*Supplied data:*
╭──

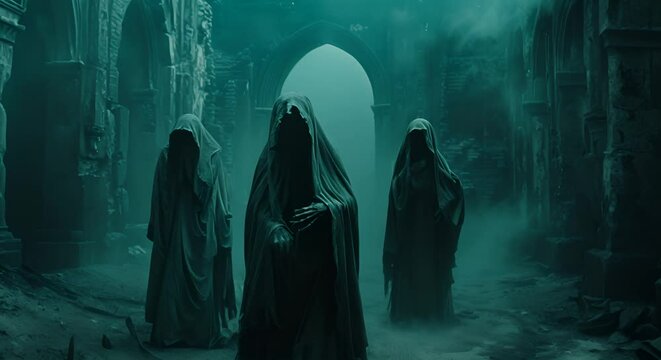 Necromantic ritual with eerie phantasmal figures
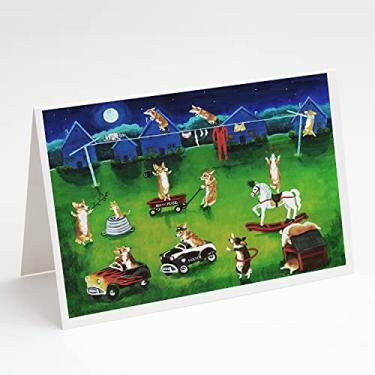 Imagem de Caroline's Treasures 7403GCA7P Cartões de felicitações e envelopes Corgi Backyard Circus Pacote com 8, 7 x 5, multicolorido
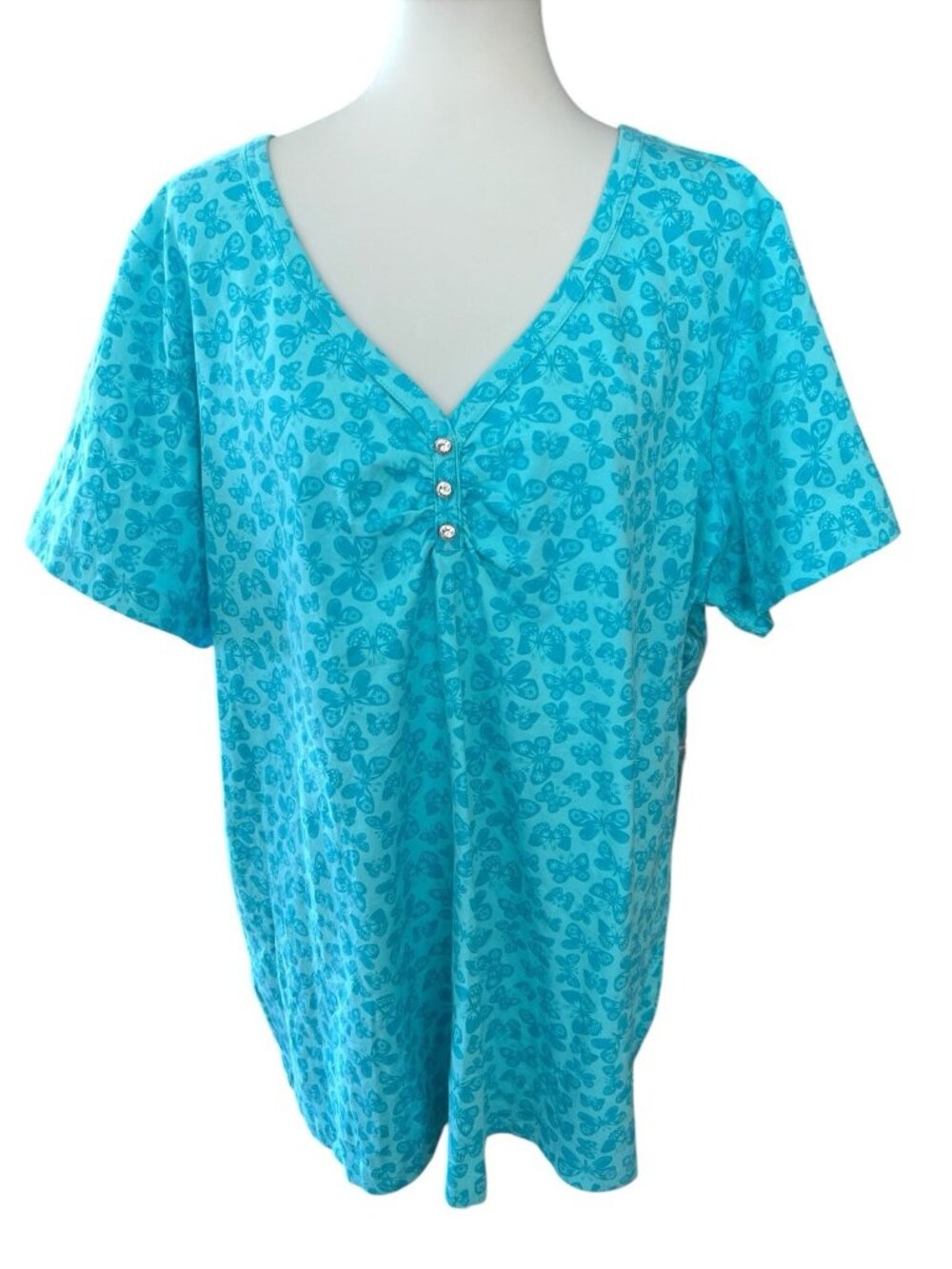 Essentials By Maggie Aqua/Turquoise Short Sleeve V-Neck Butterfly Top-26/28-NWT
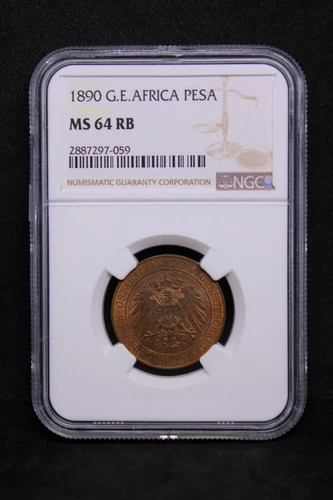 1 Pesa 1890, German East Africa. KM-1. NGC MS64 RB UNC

╰──

*What is expected:* Word for word, retype the lines from the one with "Imagem de Caroline's" through the final line of the data, both included. No pictures belong in the copy.

*Solution for this problem:*
 Imagem de Caroline's Treasures 7403GCA7P Cartões de felicitações e envelopes Corgi Backyard Circus Pacote com 8, 7 x 5, multicolorido
 Essentials By Maggie Aqua/Turquoise Short Sleeve V-Neck Butterfly Top-26/28-NWT
 1 Pesa 1890, German East Africa. KM-1. NGC MS64 RB UNC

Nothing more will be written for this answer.